> [Dataset extract]:
● ● ● ● ●
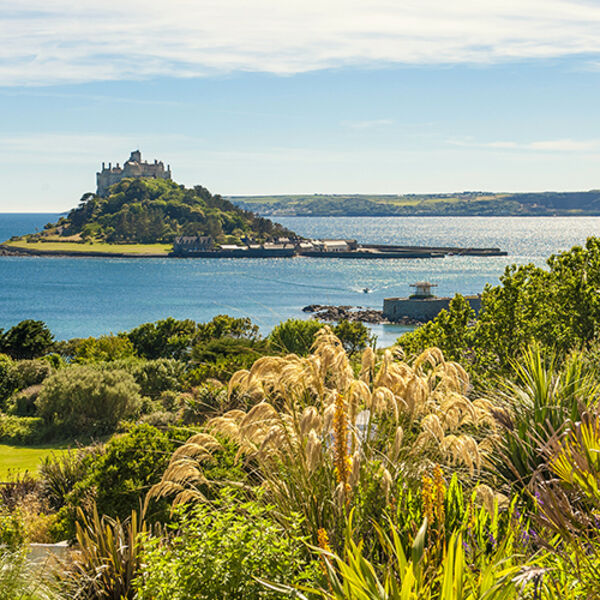 St Michaels Mount. Marazion.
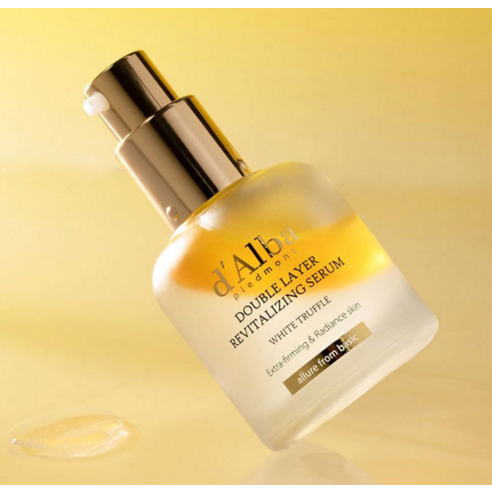 시간을 멈추는 마법, 달바 화이트 트러플 세럼으로 피부에 젊음을 되찾다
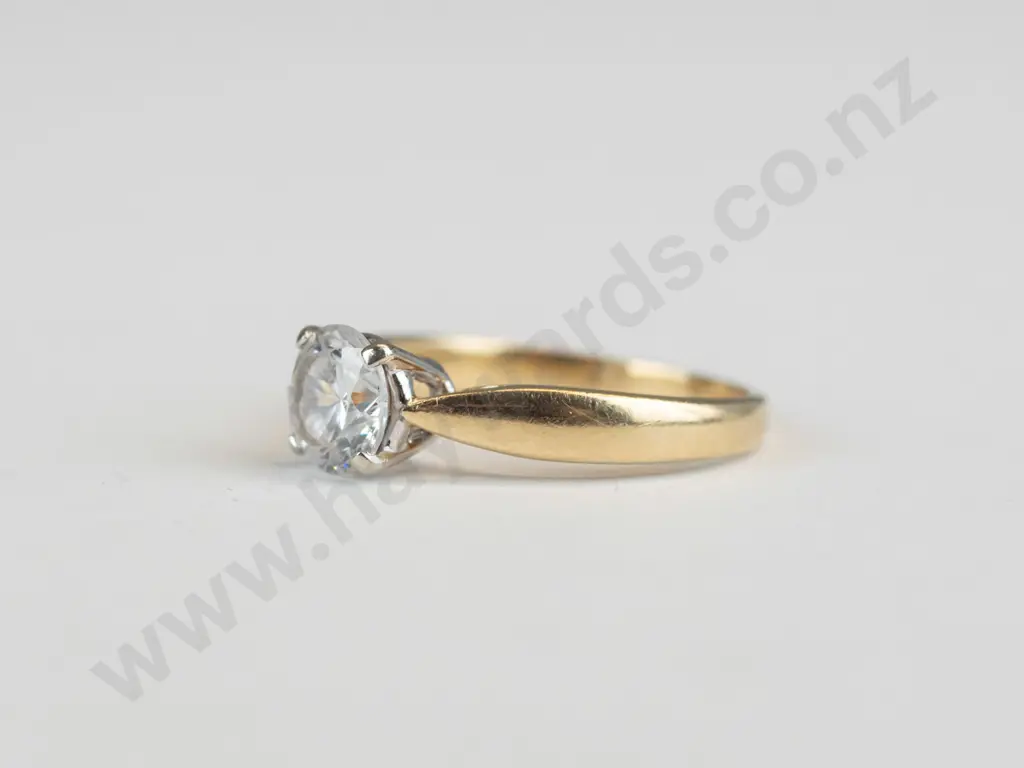 silver dress ring stamped 925 Image 1++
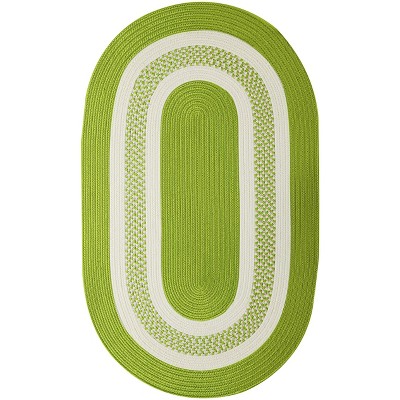 Colonial Mills Crescent Rug - Bright Green 5'x7'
● ● ● ● ●
> [Your assignment]:
Give the data above again in full and unchanged, skipping the pictures.

> [Completed task]:
 St Michaels Mount. Marazion.
 시간을 멈추는 마법, 달바 화이트 트러플 세럼으로 피부에 젊음을 되찾다
 silver dress ring stamped 925 Image 1++
 Colonial Mills Crescent Rug - Bright Green 5'x7'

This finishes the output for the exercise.